Les adultes encadrants observent des bénéfices sur le développement des enfants : implication, concentration, développement de l’esprit stratégique et tactique.

Selon David Ros, le jeu d’échecs permettraient aussi aux joueurs d’apprendre de leurs échecs dans une perspective de progression. Selon lui, cette méthode d’apprentissage ludique gagnerait à s’adapter en France et à s’étendre donc, dans d’autres domaines.

Marc Quenehen, entraineur et animateur du programme, observe aussi des résultats positifs sur des enfants en difficulté. En effet, les échecs peuvent devenir un langage commun, susceptible de mettre les enfants en situation de réussite de manière égalitaire et de révéler des talents non décelés par les enseignants dans un contexte scolaire classique. Cela contribue à améliorer la confiance en soi des élèves.

Impacts de la pratique du jeu sur les fonctions cognitives des enfants 

Céline Lanoé présente le projet JEUMetacogite. Le but de ce projet est d’apprendre à des élèves québécois âgés de 9 à 11 ans des éléments de fonctionnement du cerveau pour appréhender leurs fonctions cognitives, ce qui bénéficie aux apprentissages scolaires plus classiques. Le programme repose sur la pratique de jeux de société. Anick Pelletier, orthopédagogue et initiatrice du projet, et Céline Lanoé utilisent des jeux grand public comme Jungle speed ou Le monstre des couleurs afin d’entrainer les enfants à réguler leurs émotions mais aussi à développer des fonctions exécutives comme la planification, la flexibilité, l’adaptation.

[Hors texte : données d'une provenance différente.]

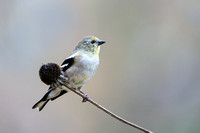 American Goldfinch 20221024-DS302903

Le jeu d’échecs n’a pas été retenu car il demandait trop de temps de mise en œuvre du fait de ses règles plus longues à intégrer.

Selon David Quenehen, le jeu d’échecs apporte des bénéfices semblables à ceux recherchés par l’équipe JEUMetacogite. Les compétences développées, comme l’apprentissage de la géométrie, la stratégie, la planification, la concentration et la tactique reposent par exemple des processus combinatoires. Il s’agit donc d’un jeu complet – même si les interactions sociales peuvent être moins prégnantes que lors d’une partie de jeu de société.

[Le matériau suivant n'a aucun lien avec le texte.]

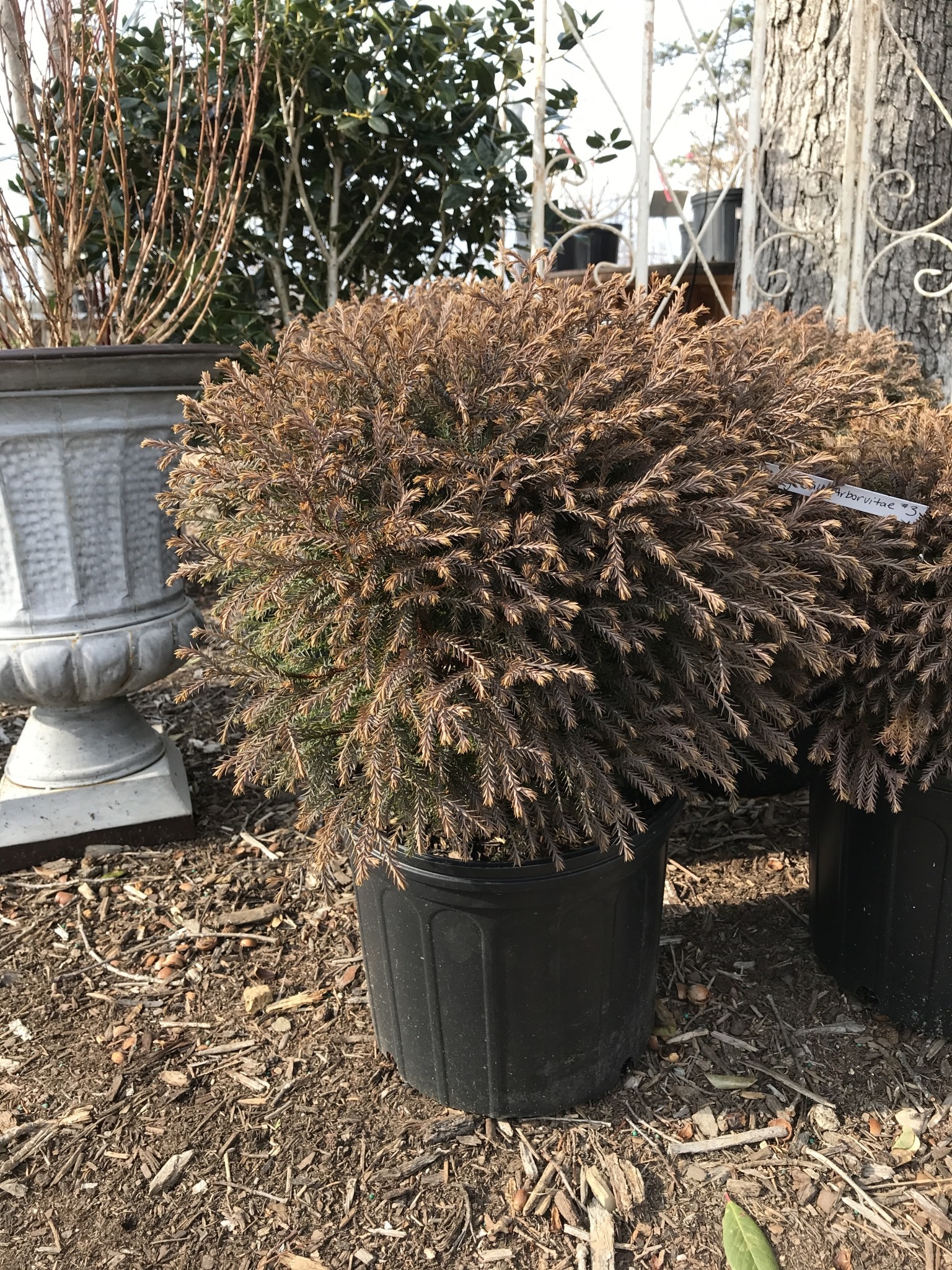 Arborvitae, Thuja occidentalis 'Bobozam' Mr. Bowling Ball® 3G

Objectifs comparés des programmes Orsay échecs et projet JEUMetacogite

Selon Céline Lanoé, l’objectif principal de JEUMetacogite est d’évaluer scientifiquement la contribution de l’entrainement des fonctions exécutives par le jeu à la réussite scolaire. Les bénéfices observés du programme Orsay Echecs restent empiriques. Marc Quenehen et David Ros envisagent d’engager une évaluation scientifique systématique afin de mesurer les apports d’une initiative comme Orsay Echecs aux apprentissages et au développement cognitif des enfants. Les modalités d’une telle évaluation ont été discutées.

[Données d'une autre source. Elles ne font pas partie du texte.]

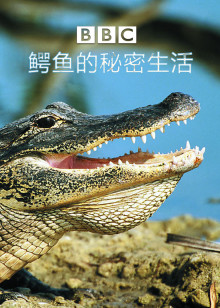 BBC鳄鱼的秘密生活海报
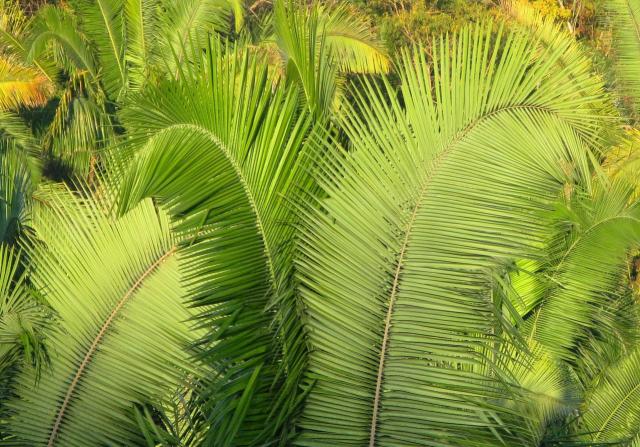 Palms in jalisco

Céline Lanoé a partagé son expérience de conduite de programmes d’évaluation en milieu scolaire, notamment de l’importance de constituer des groupes contrôle pour isoler les effets de l’expérience par rapport à d’autres interventions. Pour le JEUMetacogite, Anick Pelletier et Céline Lanoé utilisent différents types d’évaluation pour mesurer les résultats : des questionnaires destinés aux enfants, des tests informatisés en classe et enfin, des questionnaires destinés aux enseignants et aux parents. Les enseignants québécois sont formés à la méthodologie puis entraînent les enfants des groupes à jouer. Céline Lanoé et les chercheurs de son laboratoire de l’université de Caen se chargent, dans un second temps, de récupérer les différentes données recueillies, de les traiter puis de les analyser. Le rôle des enseignants est essentiel dans cette démarche.

Céline Lanoé pense que ce type de projets reste encore à un stade embryonnaire aujourd’hui, plus souvent faisable en maternelle et qu’il est plus difficile de justifier des bienfaits de l’apprentissage par le jeu dans un cadre institutionnel. Il faut donc bien définir dans le programme les objectifs visés ainsi que la méthode d’évaluation en montrant comment le jeu se met réellement au service de l’apprentissage.

Merci à nos participants pour cette passionnante discussion et à Thomas Cariatre pour l’animation.